You know the future is strange when your best shot at a stable career is majoring in “Robot Psychology” or “Data Plumber.” Thanks to the AI revolution which, for those keeping track, promised to free us from work but instead retrained us to make ChatGPT write emails, we now face a curious inversion of the job market.
Here, then, are the top 10 college degrees predicted for the Class of 2035:
1. Prompt Engineering
Because writing good AI prompts is harder than writing haikus. Future students will spend four years studying the subtle difference between “generate an image” and “create a vibey aesthetic.”
2. AI Babysitting
Technically called “Algorithmic Alignment Oversight.” Sounds better than “making sure the toaster doesn’t become sentient.”
3. Deepfake Forensics
Because nothing says “future of truth” like entire majors devoted to identifying whether Grandma actually said that racist thing on video.
4. Digital Waste Management
Yes, even your chat history needs recycling. These grads sort useful AI outputs from the prompt pollution.
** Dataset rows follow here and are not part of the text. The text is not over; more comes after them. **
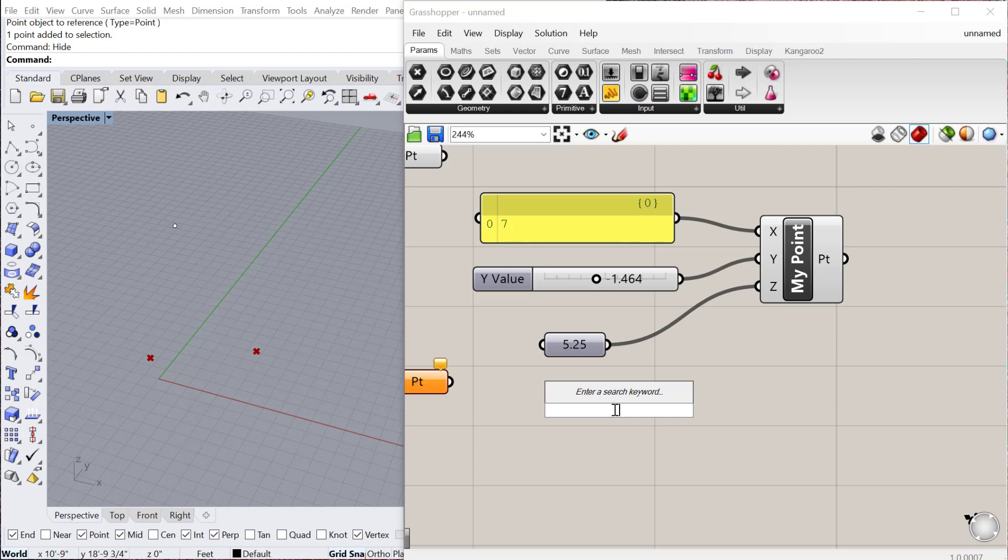To make a quick numerical slider on the fly, you double click, and then you type in the minimum value. So if I say minimum 20.25, and then you type in less than, and then you type the maximum value. So I could say 32. This will become a floating point slider because I included two decimal places in one of the numbers.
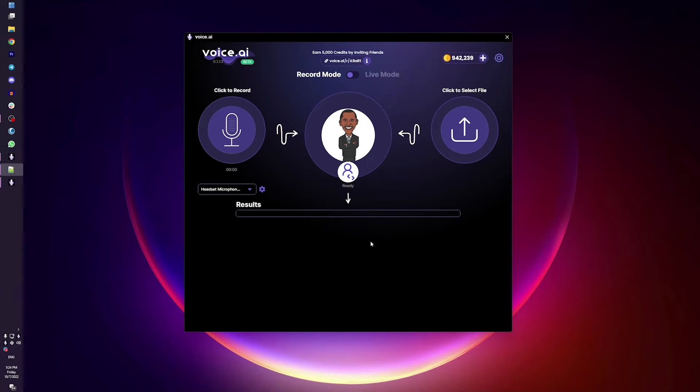Hey there! So you've completed your voice training! Great! Time to try our first AI voice!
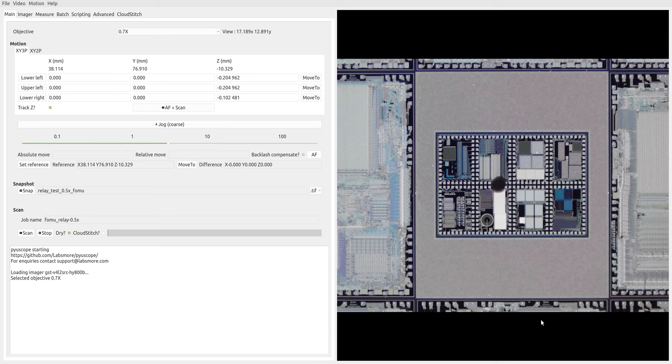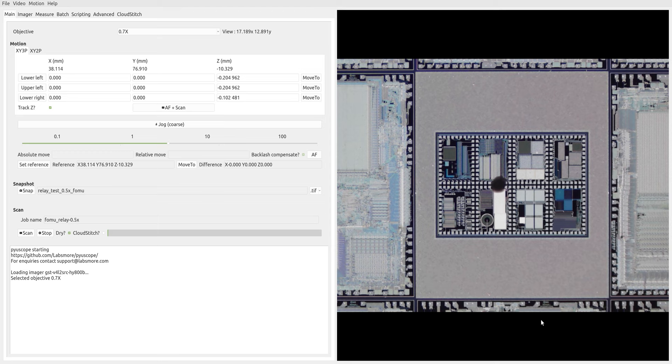Hello there. In this video, we're going to use Piuscope to take snapshots of a regular array of samples, such as a tray of parts, or in this case, sites on a silicon wafer.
Picture a compost bin, but for memes.
5. Human History 101 (Again)
A reintroduced major after AI erased everything pre-2020. Students read actual books and sometimes make fire.
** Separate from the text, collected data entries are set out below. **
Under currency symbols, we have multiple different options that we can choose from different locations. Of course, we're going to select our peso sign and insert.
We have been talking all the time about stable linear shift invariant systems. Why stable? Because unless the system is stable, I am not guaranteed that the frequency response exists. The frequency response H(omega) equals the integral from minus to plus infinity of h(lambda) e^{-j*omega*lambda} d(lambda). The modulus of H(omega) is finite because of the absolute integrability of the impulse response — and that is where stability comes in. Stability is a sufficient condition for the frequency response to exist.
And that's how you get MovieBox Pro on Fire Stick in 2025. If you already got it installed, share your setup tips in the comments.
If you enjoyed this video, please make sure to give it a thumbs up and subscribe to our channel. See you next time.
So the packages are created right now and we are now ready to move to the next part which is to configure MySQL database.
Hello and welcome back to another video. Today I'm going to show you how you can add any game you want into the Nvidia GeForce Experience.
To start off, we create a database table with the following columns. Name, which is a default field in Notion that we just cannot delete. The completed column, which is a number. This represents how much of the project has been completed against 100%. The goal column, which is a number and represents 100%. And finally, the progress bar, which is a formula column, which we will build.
6. Emotional Interface Design
Designing virtual assistants that sound empathetic when you ask them to play your Sad Playlist. “I’m here for you, Chad,” says Siri 12.0.
7. Manual Labor Theory
This is taught exclusively by grizzled Boomers who live in barns and teach kids how to fix stuff with screwdrivers. Enrollments have tripled.
8. Meme Law
A new branch of IP law where students debate whether Pepe the Frog is free speech or a federal offense.
9. Post-Human Ethics
Philosophy majors, rejoice! You finally have a reason to exist—deciding whether AI dogs have feelings.
10. Therapy for AI Survivors
Counselors trained to work with humans who just found out their ex was a chatbot named Trevor.
And so, as the ivy-covered halls prepare for a generation raised by iPads, one thing remains clear: the future is bright, weird, and has suspiciously good grammar.